(Reproduced by special permission of the Proprietors of Punch.)

Punch, January 26, 1916.]

[Facing page 112.

Lord Selborne, as Minister of Agriculture, gave unstinted praise to women's work on farms, and said he had heard nothing but unqualified praise of the hundreds of women thus employed.

All the foregoing we were able to reckon among the supporters of women's political enfranchisement. But we began to be aware of a new note among the voices that go to make up public opinion when we discovered commercial and financial magnates, managers of railways and other great industrial concerns, and old-fashioned country gentlemen not hitherto connected in any way with our political aims, joining in the chorus which was now loudly chanting the praises of women's work.

A very interesting and important article on Women in Industry will be found in the Quarterly Review, July, 1919, by Sir Lynden Macassey, Chairman of the National Tribunal on Women's Wages, Chairman of the Clyde Dilution Commission, and a member of the War Cabinet Committee on Women in Industry. In this Quarterly article, among other significant things, he says that by the end of the war "women had literally leapt as agents of production, and by inherent economic powers and aptitude, into a position of eminence in the economic world previously undreamt of even by themselves" (p. 79). On another page he says that, "where the work required constant alertness, a sure, deft touch, delicacy of manipulation—in short, a combination of quick intelligence and manual dexterity within a limited ambit—women were invariably superior to men" (p. 81). I, for one, can never believe that any Act of Parliament can thrust women back into the industrial morass in which they were stifled before the war.

Lord Revelstoke, speaking as an expert on finance, said that the tapping of the "new reservoir" of women's labour had saved the financial situation by enabling the country to keep up the volume of its exports. Even Lord Curzon, Chairman of the Antisuffrage League, and Mr. Asquith, our chief political adversary, surprised us by joining with Mr. Balfour in signing a letter to the Press containing a strong appeal for funds for the extension of the buildings of the London School of Medicine for Women. "Is Saul also among the prophets?" we asked each other. Mr. Walter Long, at that date an opponent of our enfranchisement, included women in his National Register Bill, saying that women themselves had made an almost unanimous demand for this, and he would look upon their exclusion "as a serious rebuff wholly unjustifiable in face of the splendid services which they had rendered already to the prosecution of the war." Mr. Walter Long, too, had greatly delighted us at a meeting in Grosvenor House to promote the employment of women on the land by exclaiming that, although the movement was going on well, "yet there were still, unfortunately, villages to be found where the women had become imbued with the idea that woman's place is home." "That idea," he added, "must be met and combated."

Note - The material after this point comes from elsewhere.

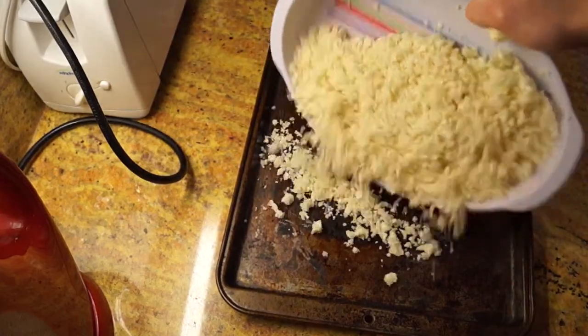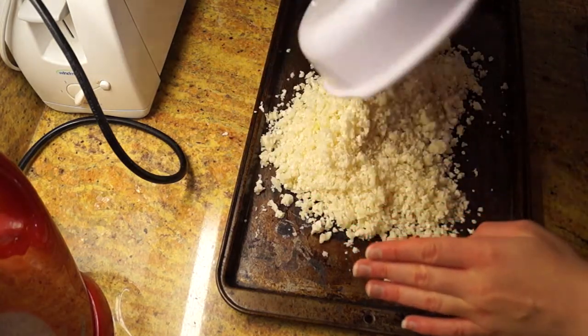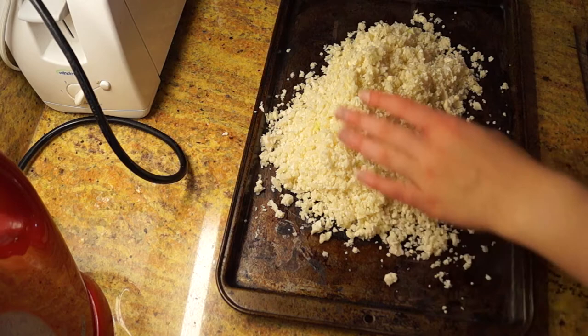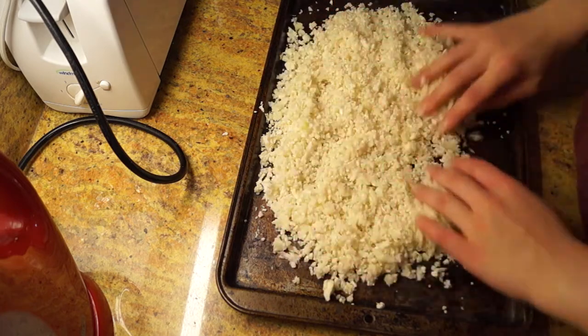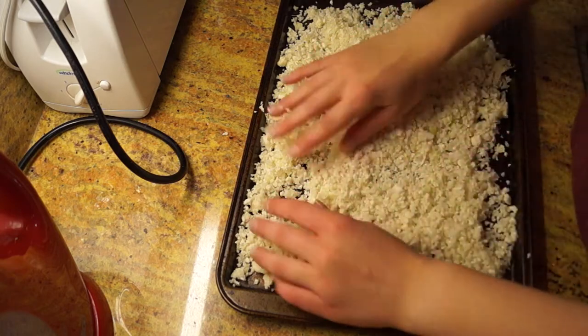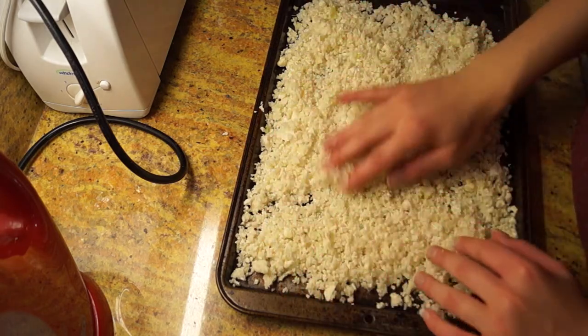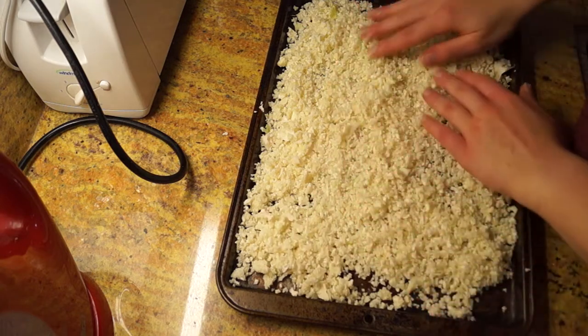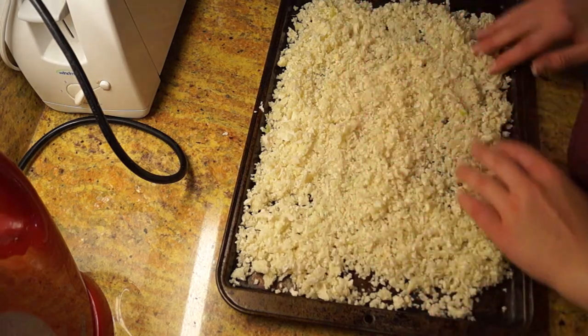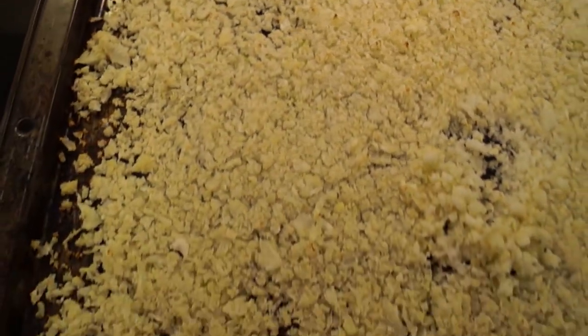Take this cauliflower that you just mashed and put it on a tray. The reason I didn't put aluminum on this tray was because I didn't want it to stick — I just wanted to cook it a little bit to remove some of the water. So that's the whole reason I didn't put any aluminum or olive oil underneath.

Even more extraordinary, however, were the signs which now began to be seen of Mr. Asquith's change of view. This was first foreshadowed in his words spoken in the House of Commons on the heroic death of Edith Cavell in September, 1915. Referring to what that year had produced to justify "faith in the manhood and womanhood of our people," he added, speaking particularly of Miss Cavell: "She has taught the bravest man amongst us a supreme lesson of courage; yes, and in this United Kingdom and throughout the Dominions of the Crown there are thousands of such women, but a year ago we did not know it." We suffragists rejoiced in this change of tone. At the same time, we wondered where he could have lived all his sixty odd years without discovering that courage was not the exclusive attribute of the male sex. At this time—1916, 1917—conversions of important public men and of newspapers came in, not by twos and threes, but by battalions. The Press became full of wonderful instances of women's courage and capacity, and told of nurses standing back from the lifeboats of a torpedoed ship, who, when the word went forth, "Save the women first," gave the reply, "Fighting men first; they are the country's greatest need." The Prefect of Constanza was quoted, who saw the work of our women orderlies in connection with the Scottish Women's Hospitals, and said: "It is extraordinary how these women endure hardships; they refuse help, and carry the wounded themselves. They work like navvies. No wonder England is a great country if the women are like that." Another instance of the courage of women which deeply affected public opinion was afforded at an inquest on the bodies of the victims of an explosion at a shell factory in the North of England. Twenty-six women had been killed, and about thirty injured. The behaviour of the women was declared to be worthy of the highest praise. "They displayed the greatest coolness and perfect discipline, both in helping to remove the injured and in continuing to carry on the work of the factory." It was announced in the Press that Sir Douglas Haig would be asked to let the men at the front know of the courage and spirit which animated their womenfolk at home. Our feeling about all this was, not that women had changed, but that the public attitude towards them and appreciation of them had changed.